Festival Que du feu 2024 encart

BLIND : UN RÊVE ÉVEILLÉ

Un film de Eskil Vogt

Quand l'imagination remplace la vue

Ingrid est aveugle depuis quelques semaines. Elle passe son temps à essayer de visualiser ce qui l'entoure mais elle ne quitte pratiquement jamais son appartement. Pour passer le temps, pendant que son mari s'absente pour son travail, elle écrit sur des personnages fictifs ou inspirés de gens qu'elle connaît…

À travers son premier long-métrage, le co-scénariste de l'excellent "Oslo, 31 août" nous plonge dans le mental d'une femme récemment atteinte de cécité. Il est bien rare de voir des films sur ce handicap et surtout si intelligemment traité. La douce voix-off d'Ingrid nous happe dès le départ, racontant d'abord comment elle tente de visualiser les choses, puis narrant la vie privée de personnes qu'elle semble intimement connaître.
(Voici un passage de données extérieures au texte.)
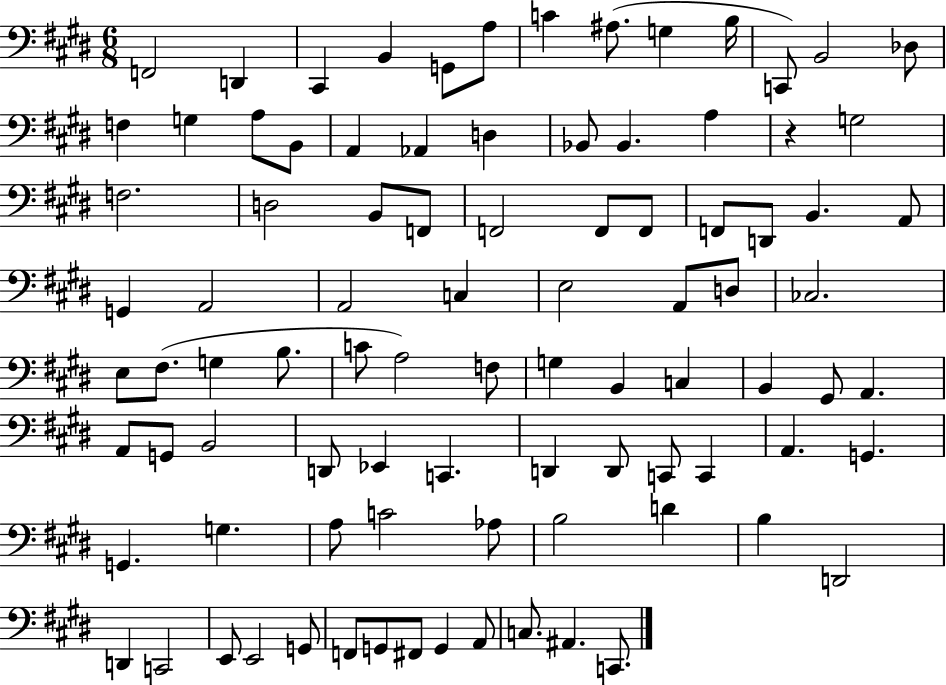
{
  \clef bass
  \numericTimeSignature
  \time 6/8
  \key e \major
  \repeat volta 2 { f,2 d,4 | cis,4 b,4 g,8 a8 | c'4 ais8.( g4 b16 | c,8) b,2 des8 | \break f4 g4 a8 b,8 | a,4 aes,4 d4 | bes,8 bes,4. a4 | r4 g2 | \break f2. | d2 b,8 f,8 | f,2 f,8 f,8 | f,8 d,8 b,4. a,8 | \break g,4 a,2 | a,2 c4 | e2 a,8 d8 | ces2. | \break e8 fis8.( g4 b8. | c'8 a2) f8 | g4 b,4 c4 | b,4 gis,8 a,4. | \break a,8 g,8 b,2 | d,8 ees,4 c,4. | d,4 d,8 c,8 c,4 | a,4. g,4. | \break g,4. g4. | a8 c'2 aes8 | b2 d'4 | b4 d,2 | \break d,4 c,2 | e,8 e,2 g,8 | f,8 g,8 fis,8 g,4 a,8 | c8. ais,4. c,8. | \break } \bar "|."
}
Ses descriptions embarrassantes sont truffées d'un humour doux-amer rappelant souvent la détresse de ces individus, mais de manière légère.

Ingrid est souvent seule. Son mari, Morten, est souvent au travail et il prépare de surcroît un événement pour un immeuble qu'il doit livrer. Isolée, mais à la libido bien active, elle se demande pourquoi il ne se laisse pas toucher. Alors, elle écrit, s'imagine qu'il la trompe et s'invente des histoires salaces. L'érotisme est très présent dans le film et Eskil Vogt capture toute la sensualité des pensées de son héroïne livrée à elle-même. On reconnaît également la patte du scénariste dans les dialogues et la narration subtile et délicate.

Car le récit est difficile à saisir. Le mélange constant de la réalité avec la fiction qu'est en train d'écrire Ingrid déroute et perturbe la lecture du film lorsque la frontière se fait de plus en plus ténue. Il faut finalement se rendre compte qu'Eskil Vogt nous a plongé, à travers le regard de cette jeune femme aveugle, dans l'univers de cette dernière, et que bien des plans que nous observons à l'écran ne sont en fait que le fruit de son imagination. C'est un vrai plaisir, tantôt de se laisser berner par cette narration, tantôt de tenter de discerner le vrai du faux. "Blind" stimule l'intellect aussi bien que les sens avec une adresse et un raffinement qui rendent l'œuvre unique et très intéressante.